In Praise of Mr. Peanut

October 1998


In Praise of Mr. Peanut

An effective logo is simple but has recognizable elements in it – a top hat, monocle and cane, for instance

In projecting a company's identity, a logo is worth a thousand words. For big corporations, it also can be worth hundreds of thousands of dollars – the price they sometimes pay for an attractive and memorable corporate or brand symbol.

No wonder many companies are asking what works and what doesn't in logo-land.

Consumer research is providing some answers. First, logos should be somewhat representational but not photographic, one study suggests. In a survey cited in The Wall Street Journal, the Jolly Green Giant fared poorly with respondents – it's too literal, with every leaf on the giant's toga and head depicted in detail, one researcher said. The giant works well on packaging but is too complicated to serve as shorthand for the brand. The same is true of the Indian maiden who represents Land-O-Lakes butter.

The more simply drawn Mr. Peanut, on the other hand, scored well.

But logos should have some detail and some recognizable element that suggests if not an actual product or service, then some abstract concept with which the company wants to be identified. The Nike "swoosh" is a good example of this, its upward sweep suggesting rapid movement.

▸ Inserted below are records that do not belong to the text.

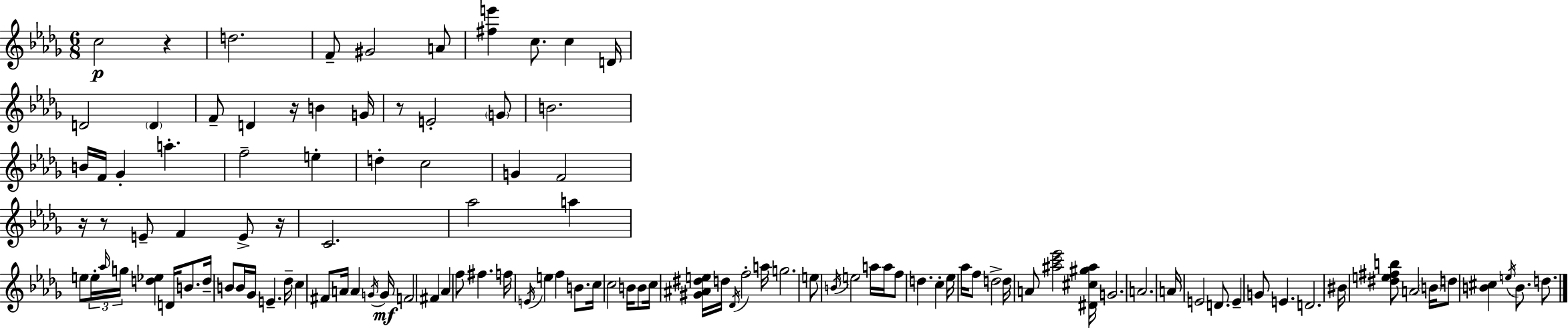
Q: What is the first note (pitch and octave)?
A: C5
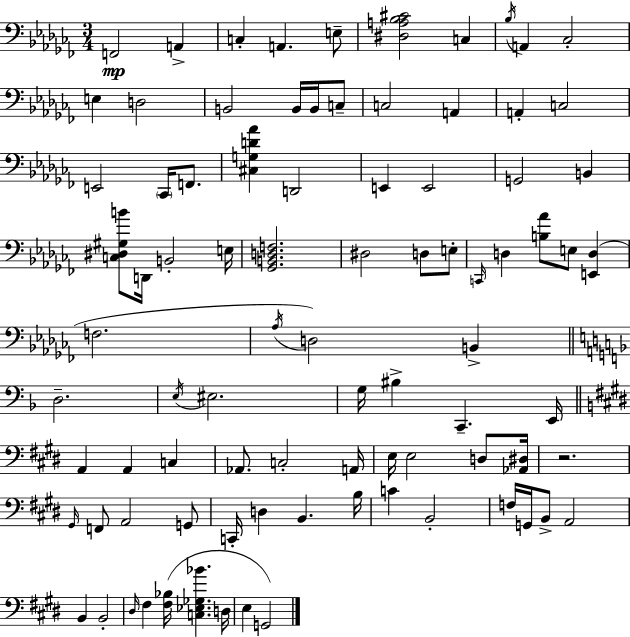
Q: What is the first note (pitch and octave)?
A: F2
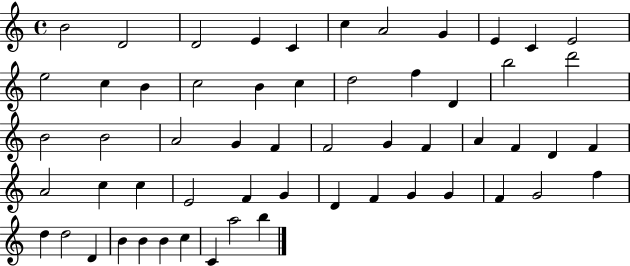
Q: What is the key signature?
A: C major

A recent article in Dynamic Graphicsmagazine also offers tips on logo design:

  • Two-color logos look modern but a logo also should reproduce effectively in black and white.
  • A logo should look good large or small (imagine it on a pen and on a billboard).
  • If your store name consists of initials, spell the name out in your logo. If the name is too long to fit in one line, stack the words on top of each other.
  • Thin typefaces are hard to read from a distance.
  • Logos made of pieces – type and art – that can be used separately are more versatile than those that must always be used in their entirety.
  • Symbols or pictures should relate to your company, not your own personal tastes or interests. (One don't-let-this-happen-to-you logo shown in Dynamic Graphics incorporated a setting sun and sea gulls. The sun was OK – the company's name had the word "horizon" in its name – but the sea gulls were there because the company owner liked the beach.)
  • The graphic style of the logo should jibe with your store's identity. A store that wants to perceived as a fashion leader, carrying all the hottest designers, needs a different look than one specializing in basic gold merchandise, engagement diamonds or vintage pieces.